- **Your objective**
Leave out every picture, and return exactly the lines from the line containing "ENT1 Antibody in Western Blot (WB)" through the end of the records below, both inclusive.

- **Provided records**
========
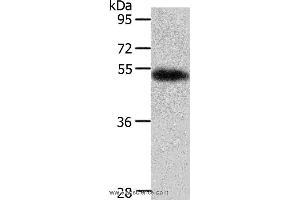 Western blot analysis of Human liver cancer tissue, using AGT Polyclonal Antibody at dilution of 1:700 (AGT antibody)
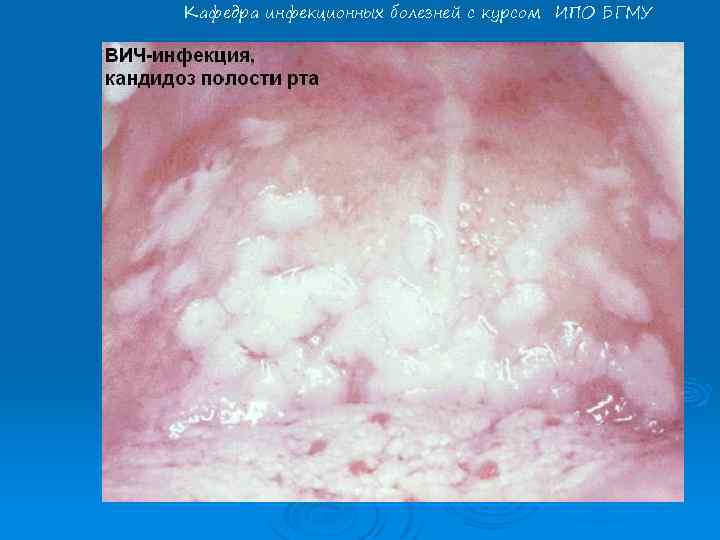 Кафедра инфекционных болезней с курсом ИПО БГМУ 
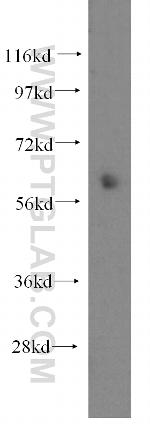 ENT1 Antibody in Western Blot (WB)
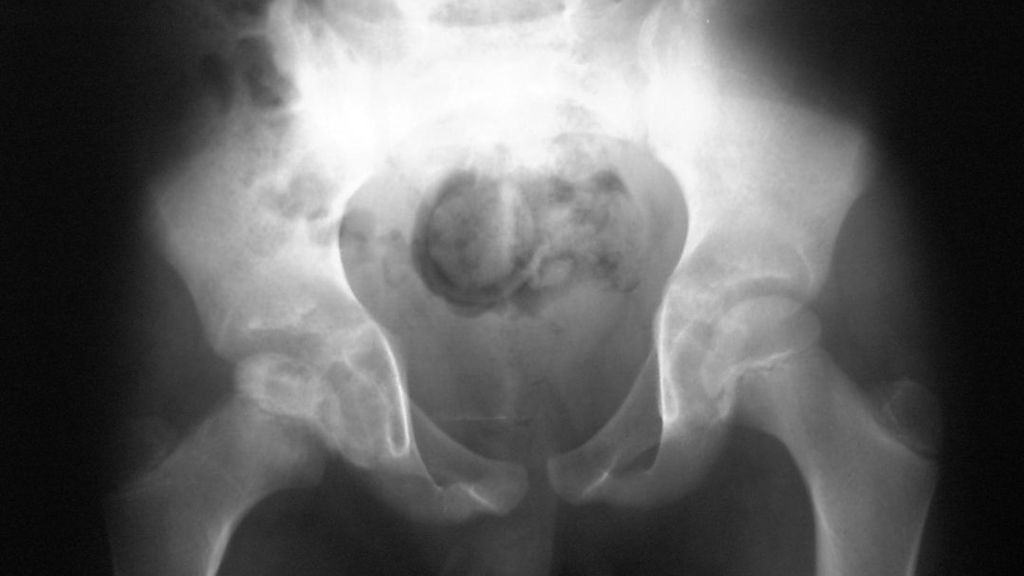 ¿Puede dejar secuelas la enfermedad de Perthes?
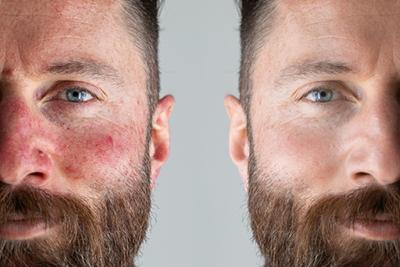 Visible results of rosacea treatment in man, comparison of red, irritated skin and clearer complexion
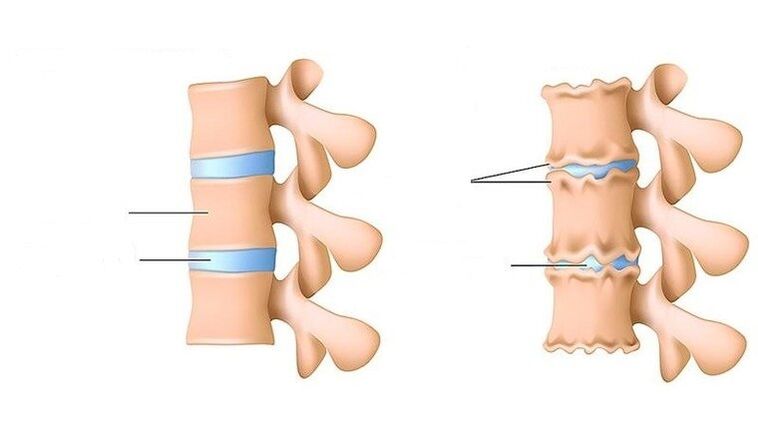 colonna vertebrale sana e colonna vertebrale colpita da osteocondrosi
========
- **Solution**
 ENT1 Antibody in Western Blot (WB)
 ¿Puede dejar secuelas la enfermedad de Perthes?
 Visible results of rosacea treatment in man, comparison of red, irritated skin and clearer complexion
 colonna vertebrale sana e colonna vertebrale colpita da osteocondrosi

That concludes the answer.